CORE raw dataset contains 12,255 compressed tar files. After pre-processing, we ended up with a 1.8TB dataset, with 116,149,211 records.
- File size distribution
- Clean up
- Rename it (optional)
- Data processing
- Spark Processing Check
- Corrupted tarballs
- Clean up non-English records
$ find . -type f -print0 | xargs -0 ls -l | awk '{ n=int(log($5)/log(2)); if (n<10) { n=10; } size[n]++ } END { for (i in size) printf("%d %d\n", 2^i, size[i]) }' | sort -n | awk 'function human(x) { x[1]/=1024; if (x[1]>=1024) { x[2]++; human(x) } } { a[1]=$1; a[2]=0; human(a); printf("%3d%s: %6d\n", a[1],substr("kMGTEPYZ",a[2]+1,1),$2) }'
1k: 4325
2k: 23
4k: 49
8k: 83
16k: 123
32k: 208
64k: 272
128k: 415
256k: 752
512k: 981
1M: 990
2M: 839
4M: 753
8M: 597
16M: 472
32M: 396
64M: 335
128M: 276
256M: 210
512M: 100
1G: 43
2G: 8
4G: 3
8G: 1
16G: 1
A large set of files contains only manifest.xml
file, with the following content:
<?xml version="1.0" encoding="UTF-8" standalone="yes"?>
<urlset xmlns="http://www.sitemaps.org/schemas/sitemap/0.9"
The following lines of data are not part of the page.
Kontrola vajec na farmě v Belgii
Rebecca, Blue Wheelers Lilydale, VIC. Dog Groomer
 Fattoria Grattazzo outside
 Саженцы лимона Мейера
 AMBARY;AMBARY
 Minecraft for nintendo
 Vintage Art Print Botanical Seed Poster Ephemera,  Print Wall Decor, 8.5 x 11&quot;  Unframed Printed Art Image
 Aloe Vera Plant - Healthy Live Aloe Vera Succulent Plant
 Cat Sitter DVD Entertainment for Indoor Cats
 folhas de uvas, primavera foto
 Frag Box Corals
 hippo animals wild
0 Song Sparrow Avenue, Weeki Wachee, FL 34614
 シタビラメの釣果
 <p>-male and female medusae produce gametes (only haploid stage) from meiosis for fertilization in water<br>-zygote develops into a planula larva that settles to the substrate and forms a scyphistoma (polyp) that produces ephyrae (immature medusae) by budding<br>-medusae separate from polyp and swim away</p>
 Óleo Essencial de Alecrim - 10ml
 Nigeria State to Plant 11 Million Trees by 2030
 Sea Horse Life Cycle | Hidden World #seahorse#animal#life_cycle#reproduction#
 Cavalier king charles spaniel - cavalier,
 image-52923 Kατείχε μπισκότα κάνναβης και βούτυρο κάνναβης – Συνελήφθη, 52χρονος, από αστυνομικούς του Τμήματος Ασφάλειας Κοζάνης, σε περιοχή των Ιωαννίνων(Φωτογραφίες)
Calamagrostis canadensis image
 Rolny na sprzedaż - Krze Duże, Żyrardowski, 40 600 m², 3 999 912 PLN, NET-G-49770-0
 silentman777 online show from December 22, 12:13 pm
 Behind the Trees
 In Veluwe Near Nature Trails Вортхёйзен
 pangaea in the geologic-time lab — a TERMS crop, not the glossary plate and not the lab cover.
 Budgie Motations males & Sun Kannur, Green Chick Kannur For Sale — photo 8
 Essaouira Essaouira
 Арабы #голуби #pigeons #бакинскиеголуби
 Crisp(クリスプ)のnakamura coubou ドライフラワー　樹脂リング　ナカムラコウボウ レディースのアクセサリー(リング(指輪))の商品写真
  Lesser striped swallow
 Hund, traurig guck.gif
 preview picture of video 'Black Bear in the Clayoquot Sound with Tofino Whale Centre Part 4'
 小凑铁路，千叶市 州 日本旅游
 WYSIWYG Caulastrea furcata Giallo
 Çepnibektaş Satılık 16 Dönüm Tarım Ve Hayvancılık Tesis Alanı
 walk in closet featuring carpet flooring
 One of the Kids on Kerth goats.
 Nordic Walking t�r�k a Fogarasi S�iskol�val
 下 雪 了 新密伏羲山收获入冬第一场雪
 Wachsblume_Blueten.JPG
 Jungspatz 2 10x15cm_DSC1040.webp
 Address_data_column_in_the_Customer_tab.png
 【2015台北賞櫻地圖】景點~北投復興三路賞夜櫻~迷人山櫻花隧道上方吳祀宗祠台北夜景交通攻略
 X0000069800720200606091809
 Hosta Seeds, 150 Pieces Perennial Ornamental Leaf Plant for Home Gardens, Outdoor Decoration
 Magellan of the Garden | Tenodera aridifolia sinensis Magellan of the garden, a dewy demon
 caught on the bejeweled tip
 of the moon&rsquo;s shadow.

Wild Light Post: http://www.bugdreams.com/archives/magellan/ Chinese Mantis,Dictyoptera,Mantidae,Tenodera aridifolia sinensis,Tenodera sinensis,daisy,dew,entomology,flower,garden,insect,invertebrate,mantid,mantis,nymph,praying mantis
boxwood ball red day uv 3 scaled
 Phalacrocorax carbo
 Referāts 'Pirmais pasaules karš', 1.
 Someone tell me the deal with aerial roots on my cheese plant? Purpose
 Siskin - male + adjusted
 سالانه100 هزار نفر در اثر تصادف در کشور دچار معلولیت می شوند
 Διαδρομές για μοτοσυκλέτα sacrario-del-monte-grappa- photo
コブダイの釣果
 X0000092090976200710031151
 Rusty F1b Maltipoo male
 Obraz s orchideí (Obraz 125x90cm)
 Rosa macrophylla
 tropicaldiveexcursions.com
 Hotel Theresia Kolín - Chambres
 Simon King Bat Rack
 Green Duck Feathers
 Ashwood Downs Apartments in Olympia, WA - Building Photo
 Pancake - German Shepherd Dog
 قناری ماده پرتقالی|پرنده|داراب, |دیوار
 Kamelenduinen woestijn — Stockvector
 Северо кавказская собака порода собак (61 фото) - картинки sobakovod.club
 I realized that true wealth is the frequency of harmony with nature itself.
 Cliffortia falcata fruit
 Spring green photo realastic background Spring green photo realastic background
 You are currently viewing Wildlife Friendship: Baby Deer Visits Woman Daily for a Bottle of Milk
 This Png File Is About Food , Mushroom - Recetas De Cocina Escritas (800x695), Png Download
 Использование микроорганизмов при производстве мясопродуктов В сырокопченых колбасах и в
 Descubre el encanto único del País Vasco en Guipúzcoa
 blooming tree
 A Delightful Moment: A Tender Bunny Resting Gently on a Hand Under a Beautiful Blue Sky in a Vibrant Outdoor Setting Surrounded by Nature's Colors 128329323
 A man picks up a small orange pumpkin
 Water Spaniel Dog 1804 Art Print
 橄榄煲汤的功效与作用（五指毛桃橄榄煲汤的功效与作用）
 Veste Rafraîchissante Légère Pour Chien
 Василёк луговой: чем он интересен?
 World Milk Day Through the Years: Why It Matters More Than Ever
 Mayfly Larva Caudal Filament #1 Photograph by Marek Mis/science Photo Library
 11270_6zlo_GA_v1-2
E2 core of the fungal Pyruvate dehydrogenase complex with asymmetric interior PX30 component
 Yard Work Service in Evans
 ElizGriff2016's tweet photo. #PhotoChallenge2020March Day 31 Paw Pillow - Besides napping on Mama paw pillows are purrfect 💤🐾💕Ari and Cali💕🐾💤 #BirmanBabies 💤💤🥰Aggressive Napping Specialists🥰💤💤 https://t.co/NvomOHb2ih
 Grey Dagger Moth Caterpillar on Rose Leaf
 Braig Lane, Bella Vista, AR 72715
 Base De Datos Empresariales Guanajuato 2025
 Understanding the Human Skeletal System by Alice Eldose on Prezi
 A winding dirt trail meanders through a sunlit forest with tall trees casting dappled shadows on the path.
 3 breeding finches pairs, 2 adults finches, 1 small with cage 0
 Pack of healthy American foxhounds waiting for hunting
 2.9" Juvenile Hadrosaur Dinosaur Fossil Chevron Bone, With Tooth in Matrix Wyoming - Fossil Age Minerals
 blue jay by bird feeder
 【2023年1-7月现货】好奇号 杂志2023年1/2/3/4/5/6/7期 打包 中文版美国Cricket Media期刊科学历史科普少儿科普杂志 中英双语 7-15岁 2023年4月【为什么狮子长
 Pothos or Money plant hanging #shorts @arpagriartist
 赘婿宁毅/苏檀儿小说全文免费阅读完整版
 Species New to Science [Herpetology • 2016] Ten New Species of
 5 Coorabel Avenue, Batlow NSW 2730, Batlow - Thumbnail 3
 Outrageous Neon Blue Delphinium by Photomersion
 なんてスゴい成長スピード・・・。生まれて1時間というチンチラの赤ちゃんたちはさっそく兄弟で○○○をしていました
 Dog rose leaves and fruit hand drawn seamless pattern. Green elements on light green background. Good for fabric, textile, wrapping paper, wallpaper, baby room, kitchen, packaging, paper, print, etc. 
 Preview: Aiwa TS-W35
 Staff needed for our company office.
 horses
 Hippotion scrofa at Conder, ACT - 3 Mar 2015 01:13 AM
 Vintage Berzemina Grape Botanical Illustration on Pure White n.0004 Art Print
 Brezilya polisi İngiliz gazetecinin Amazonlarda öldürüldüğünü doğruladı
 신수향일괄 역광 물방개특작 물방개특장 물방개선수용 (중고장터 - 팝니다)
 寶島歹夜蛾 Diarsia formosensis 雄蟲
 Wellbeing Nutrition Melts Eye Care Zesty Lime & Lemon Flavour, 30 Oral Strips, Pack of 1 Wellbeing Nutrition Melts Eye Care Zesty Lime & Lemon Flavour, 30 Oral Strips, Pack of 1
xmlns:rs="http://www.openarchives.org/rs/terms/">
<rs:md capability="resourcedump-manifest"
at="2021-01-20T20:25:31.541226"/> </urlset>
we can remove it by
find . -size 384c -delete
we now have 8345 files.
this is rename file with padding zeros
ls | awk '/^([0-9]+)\.tar.xz$/ { printf("%s %05d.tar.xz\n", $0, $1) }' | xargs -n2 mv -n
Each tar ball get extracted, all json files are combined, using the same base name as their tar ball counter part. For example: 1001.tar.xz
will be combined into a single json file named 1000.json
.
python merge.py ~/core-raw
will have all json files generated core-outputs
.
This is exemplified by sp_count.py
- we read json following using a schema inferred by Spark, and do a count of entries/rows.
spark-submit sp_count.py
Number of rows: 116149211
real 14m40.876s
user 155m51.487s
sys 7m16.507s
The following files are deemed as corrupted, as not be able to extracted properly.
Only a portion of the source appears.